Java Stack array - Big O notation

Question

What are the big o notation for this code below. I still couldn't grasp the concept fully. I am supposed to get a thought from experienced coders to give a summary for the big o performance based on this code.

import java.util.*;
import java.util.InputMismatchException;
import javax.swing.*;
public class MyStack {

   private int maxSize;
   private long[] stackArray;
   private int top;
   public MyStack(int s) {
      maxSize = s;
      stackArray = new long[maxSize];
      top = -1;
   }
   public void push(long j) {
      stackArray[++top] = j;
      System.out.println("Push onto stack");
   }
   public long pop() {
      return stackArray[top--];
   }
   public long peek() {
      return stackArray[top];
   }
   public boolean isEmpty() {
      return (top == -1);
   }
   public boolean isFull() {
      return (top == maxSize - 1);
   }
   public static void main(String[] args) {
        Scanner num = new Scanner(System.in);
        int input =0;
        int x;
        MyStack theStack = new MyStack(5); 
    for(x=0; x<5; x++)
    {


        System.out.println("\nEnter a number(Push): ");
        input = num.nextInt();
        theStack.push(input);



      } 



     System.out.print("The first element on the top is the top of the stack");
     System.out.println("");
      while (!theStack.isEmpty()) {
         long value = theStack.pop();
         System.out.print(value);
         System.out.println(" Pop");

      }


      System.out.println("");

   }
}

Answer 1

Big O performance varies by the operation that you're attempting. Look at your "isEmpty()" method. It always just looks at the value of top, so that's constant, or O(1). I don't see other methods in your class (except main(), which we'll look at in a minute) that have any dependency on the number of elements in the array, they all just work with top.

main() just asks for 5 values, then prints them out. If it asked for 50, it would take ten times longer (assuming that user input remained relatively constant). So main is O(n) where n is the number of elements in the array.

If you were looking for a particular number in the array, you'd likely have to examine each one in turn, so O(n).

And if you were doing something more complicated where you looked at each element and then did some operation or comparison with each other element (e.g. with a nested for loop) you'd end up with O(n^2).

Hope that helps your thought process.

Answer 2

The performance of all your methods are in O(1) as they are merely indexing an array or checking against the value of top.

In the body of main the for loop is executed 5 times, performing 5 pushes, thus O(5 * 1) = O(n) because the stack has size n = 5.

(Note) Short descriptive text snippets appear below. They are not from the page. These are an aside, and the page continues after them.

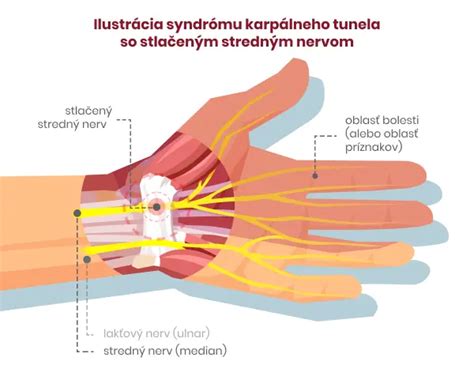 Schéma anatómie karpálneho tunela s vyznačeným stredovým nervom a šľachami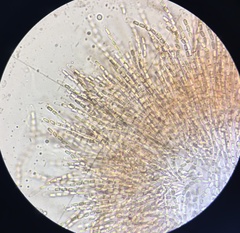 Phomatospora coprophila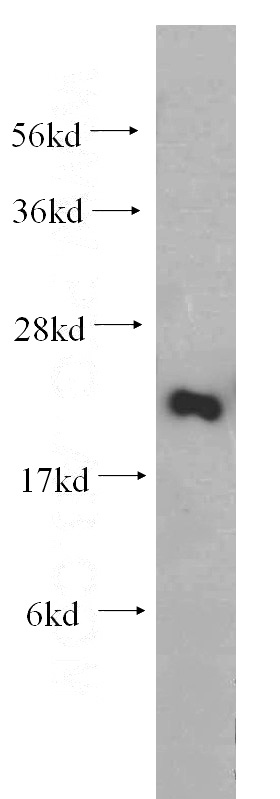 mouse ovary tissue were subjected to SDS PAGE followed by western blot with Catalog No:114837(RPS26 antibody) at dilution of 1:200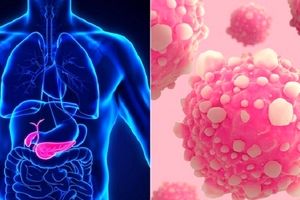 سرطان پانکراس چیست؟؛ علت، علائم و راه های درمان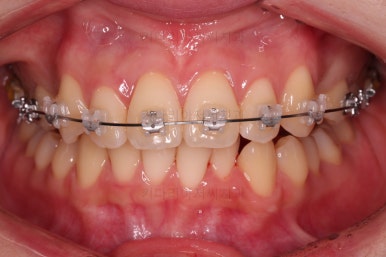 부산돌출입교정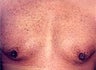 Male Breast Reduction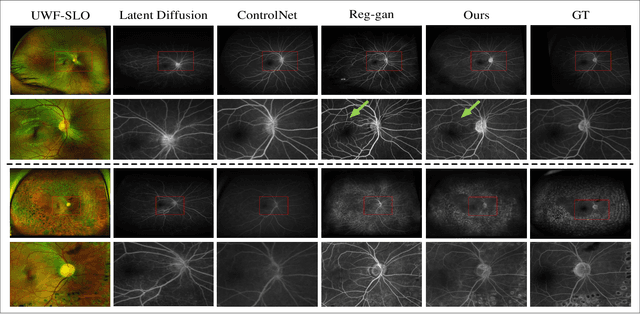 Figure 3 for UWAFA-GAN: Ultra-Wide-Angle Fluorescein Angiography Transformation via Multi-scale Generation and Registration Enhancement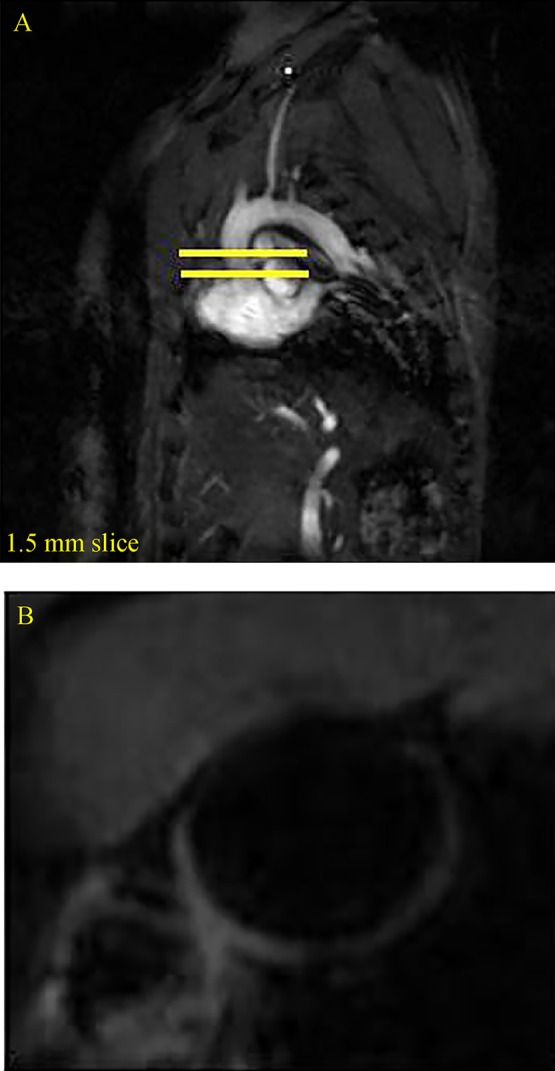 Fig.1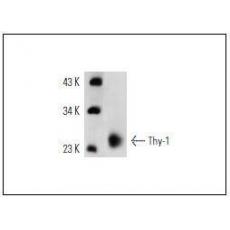 Anti-Thy-1 (OX7) antibody [1G2]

Afterwards the while loop will pop the stack until it's empty. Because the stack can only contain 5 elements(which is also the size of it) this is again O(5 * 1) = O(n) again.

So you can assume it is in O(2 * n) which yields O(n).

Answer 3

Data structure complexity of an operation is always calculated against the number of element it holds, is shows maximum time it will take with the increase the number of elements.

Eg : How much time will it take to search an element in "B-Tree" given that there exists n number of elements already in it.

In B-Tree search time is O(log n), means that the maximum search time will grow as a function of log n (see the Big-O Complexity graph).

In your case to implement the stack you have used an array and you have multiple oprations, but your operations does not depend on the element which carry in your stack, because complexity of get an element in a specific location is O(1). So all your operation takes O(1) time.

push - O(1)

pop - O(1)

isFull - O(1)

isEmpty - O(1)

But if you implement search in your stack, check whether given long is in your stack then the search depends on the elements where you have to iterate all the elements and the complexity will be O(n).